A growing number of NT Aboriginal communities are pushing to reclaim control of their communities and assets, in the wake of the Country Liberals’ NT election victory promising to restore community control.
The “Stronger Futures” legislation passed through Federal parliament in June continued key Intervention measures such as discriminatory alcohol and porn bans, extreme police powers and compulsory income management.
But the government was not confident about any further compulsory acquisition of Aboriginal land. Instead they have attempted to blackmail communities into signing “voluntary” leases over housing and administrative buildings in exchange for ongoing maintenance and service funding.
The Northern Land Council, eager to secure this revenue stream and keep the government onside, have secured hundreds of leases across the Top End.
But some communities, particularly in central Australia, are using the reacquired property rights in their townships to try and reclaim everything that’s been lost. They want mega-Shire councils which took over community offices and robbed their assets in 2008 kicked out, along with “Government Business Managers” (GBMs) installed under the Intervention. They want Aboriginal Community Government Councils reinstated, properly resourced and in control of municipal services and housing.
In August, traditional owners at Amoonguna sent a letter to the MacDonnell Shire requesting that they vacate the community. They have also requested that NT Housing cease collecting rent from local tenants. On September 5, they held their first meeting again as a Community Council, electing a new board and asserting their intention to resume management of community affairs.
Ampilatwatja has also refused a lease over their housing stock and the GBM’s compound. The lease “deal” included only a one-off payment for housing renovations and no building of new houses.
Ampilatwatja refused the paltry $1600 per annum rent offered for the GBM to stay in his compound and requested he leave immediately. They are also pushing for their community controlled corporation to take over delivery of municipal services.
On September 17, representatives from the communities of Kalkaringi, Daguragu and Lajamanu followed suit, issuing a declaration:
“We will not be signing any more leases—this is Aboriginal land that we fought hard for and we must be in control… The Shire and Intervention have until the end of November to get out of our communities or we will be taking action ourselves to have them removed”.
Cracks in the Intervention
The new Country Liberal NT government owe their election win to Aboriginal voters in the bush. Their platform of restoring community control and ending government neglect of small communities and outstations in favour of larger “hub towns” is a clear break with the bi-partisan consensus in support of the NT Intervention.
New Regional Development Minister Alison Anderson has talked about reviving a jobs scheme modelled on the old Community Development Employment Projects (CDEP).
Newly elected member for Arafura Francis Xavier Maralampuwi has criticised the imposition of alcohol bans, saying “we want the same rights as other Australians”. Chief Minister Terry Mills backed his call to lift the blanket bans. Even stridently pro-Intervention MLA Bess Price recently endorsed the “case-by-base” Cape York brand of income management, still unacceptably punitive, but far softer than the blanket application in the NT.

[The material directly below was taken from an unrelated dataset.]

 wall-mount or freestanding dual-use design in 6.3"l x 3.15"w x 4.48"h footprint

These cracks in the policy consensus reflect the crisis in Intervention policies on the ground, where the social problems and anger at the government are only growing.

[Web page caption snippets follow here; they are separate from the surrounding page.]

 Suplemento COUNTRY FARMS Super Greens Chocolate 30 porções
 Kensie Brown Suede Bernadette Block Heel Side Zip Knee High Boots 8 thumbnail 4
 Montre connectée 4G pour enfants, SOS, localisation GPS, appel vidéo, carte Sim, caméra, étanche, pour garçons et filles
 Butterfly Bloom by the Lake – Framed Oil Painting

A report from the NT Co-ordinator General of Remote Indigenous Services Olga Havnen released on September 24 contains a meticulous discrediting of government spending priorities since 2007, showing the criminal waste on bureaucracy and punitive programs.
$225 million has been spent on GBMs. Income management is costing more that $5000 per person per year. Yet most remote communities have no preschool and an estimated $2 billion on top of the current budget is required just to ensure basics like water, sanitation and power.
But in a worrying signal about their commitment to any genuine reform, the CLP government sacked Havnen just two weeks later. Their old, racist colours are on display in the town centres, where they plan to round up alcoholics and put them in prison camps.
Truly getting rid of the “hub towns” model requires confronting the Federal government, whose funding agreements with the NT restrict serious investment to so called “economically viable” communities.
The CLP is now talking of “regional councils” taking over from the Shires. But restoring even the asset base that existed prior to 2007 would require large amounts of compensation. The CLP government will have to be fought in order to win this. For the first time since 2007, we can see serious cracks in the Intervention monolith. A campaign of solidarity with community resistance at Amoonguna and elsewhere is needed to break it wide open.